China schon bald am Ziel?

von Karl Brodschneider

Spannende Einblicke in die wohldurchdachte und hochprofessionelle wirtschaftliche Entwicklungsstrategie von China geben zwei Bücher.

Die zentralchinesische Industriemetropole Wuhan gilt als Ursprungsort der Coronavirus-Ausbreitung und sorgt daher schon seit Monaten dafür, dass China eine besondere mediale Aufmerksamkeit erhält. Der ehemalige Präsident der Wirtschaftskammer Österreich, Christoph Leitl, stellt dieses Land in seinem neuen Buch „China am Ziel!

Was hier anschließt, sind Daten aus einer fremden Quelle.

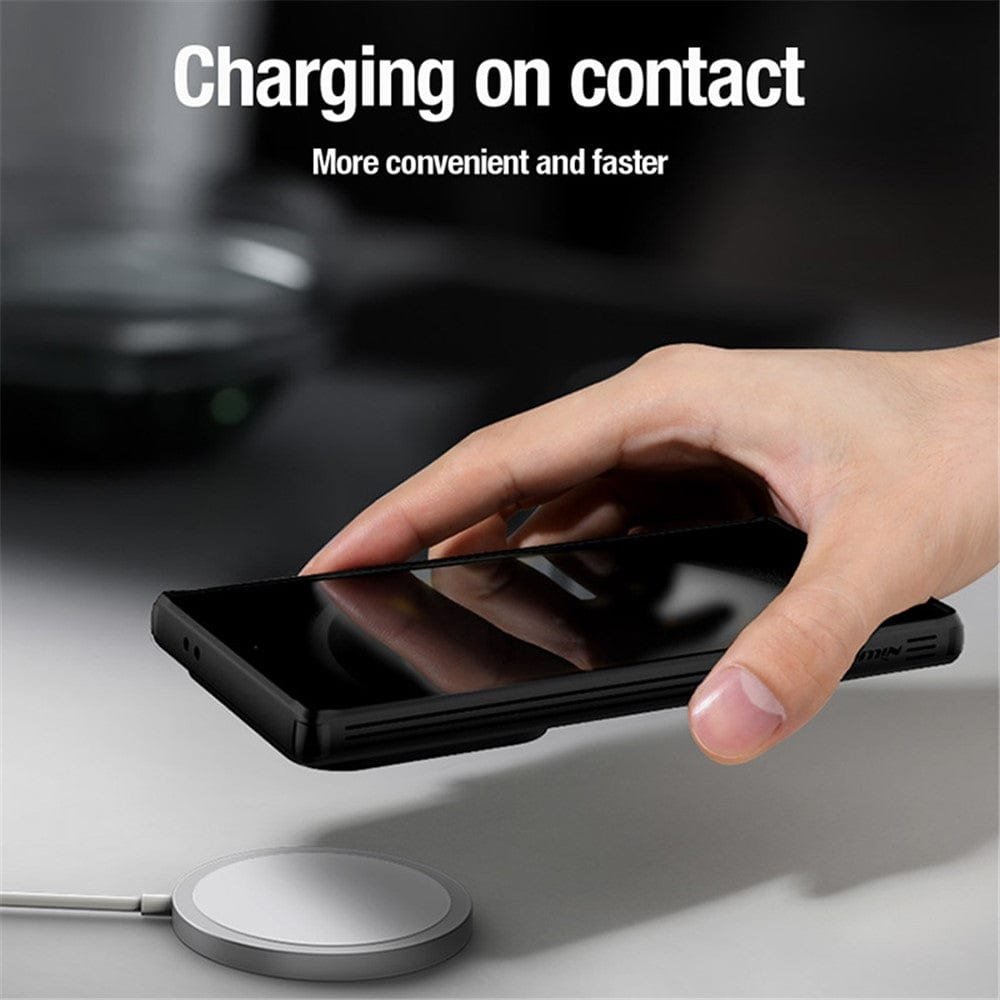 NILLKIN CamShield Pro Case for Samsung Galaxy S24 Ultra Case Magnetic Phone Cover with Slide Camera Lid by The Case Factory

Europa am Ende?“ aber aus einem anderen Grund in den Mittelpunkt seiner Gedanken.

Leitl – er ist derzeitiger Präsident der Europäischen Wirtschaftskammer – geht bei seinen Überlegungen davon aus, dass China spätestens im Jahr 2049, also 100 Jahre nach der Mao-Revolution, das politisch, wirtschaftlich und militärisch stärkste Land der Welt sein wird. Die USA und Indien bezeichnet er bei diesem machtpolitischen Wettkampf als Mitbewerber. Europas Bedeutung sieht er dahinschwinden.

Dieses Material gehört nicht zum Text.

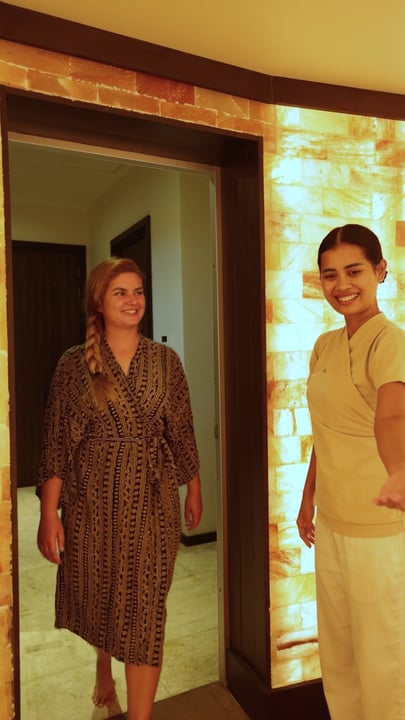 This Global Wellness Day, we celebrate moments dedicated to balance and restoration. From the calming atmosphere of the Himalayan salt room to restorative massages, wellness takes centre stage.

#Mald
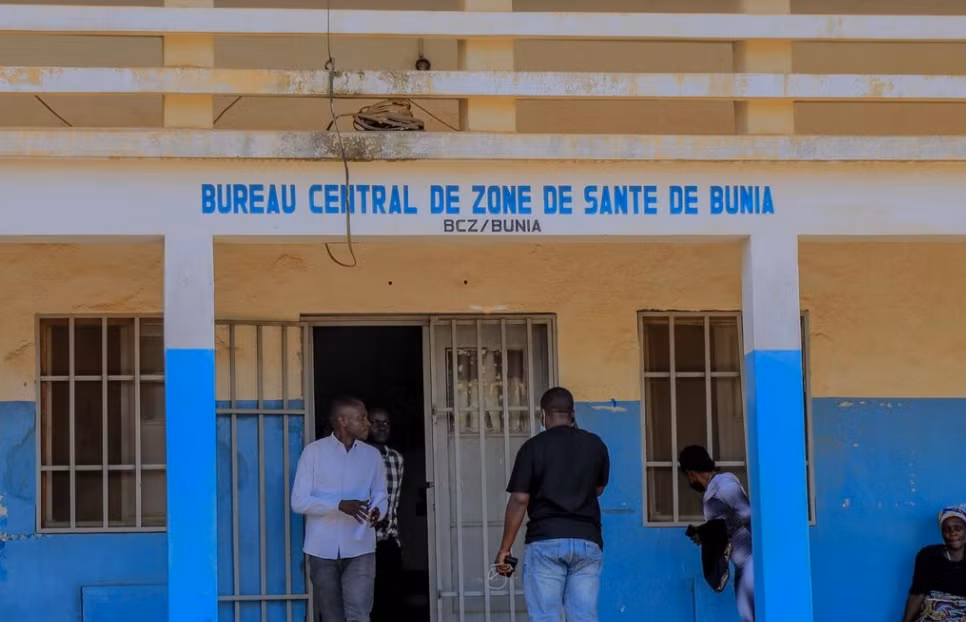 Bệnh viện ở thành phố Bunia, tâm điểm của đợt bùng phát Ebola ở CHDC Congo hiện nay. Ảnh: WHO anh-chup-man-hinh-2026-06-21-102923.png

Das kurz vor der Corona-Krise veröffentlichte Bucht wartet zwar mit Zahlen auf, welche die Folgen der COVID-19-Pandemie noch nicht berücksichtigen. Doch diese haben es in sich. Mit Wachstumsraten von 6 Prozent pro Jahr wächst China viermal so schnell wie Europa mit 1,5 Prozent. Im Außenhandel lieferte China im Jahr 2018 Waren im Wert von 305 Milliarden Euro nach Europa, die EU hingegen solche nur im Umfang von 211 Milliarden Euro nach China. Die Hälfte der Weltstahl- und -zementproduktion erfolgt in China.

Riesengroßes Netzwerk

Buch Leitl

China am Ziel. Von Christoph Leitl. Erschienen im ECOWIN-Verlag. ISBN 978-3-7110-0256-3

China hat, so Leitl, eine wohldurchdachte und hochprofessionelle Entwicklungsstrategie. Sie umfasst ein Netzwerk über Asien, Afrika, Russland, Osteuropa, Lateinamerika und Australien. Man sucht Firmen mit Know-how, mit qualifizierten Arbeitskräften und Innovationspotential. Man sichert Rohstoffvorkommen sowie Energiequellen und investiert in Infrastrukturprojekte. Aktuell baut der chinesische Staatskonzert Cosco Shipping den griechischen Hafen von Piräus zur Drehscheibe für den Containerverkehr nach Europa aus. Piräus ist nun der am schnellsten wachsende Containerhafen weltweit.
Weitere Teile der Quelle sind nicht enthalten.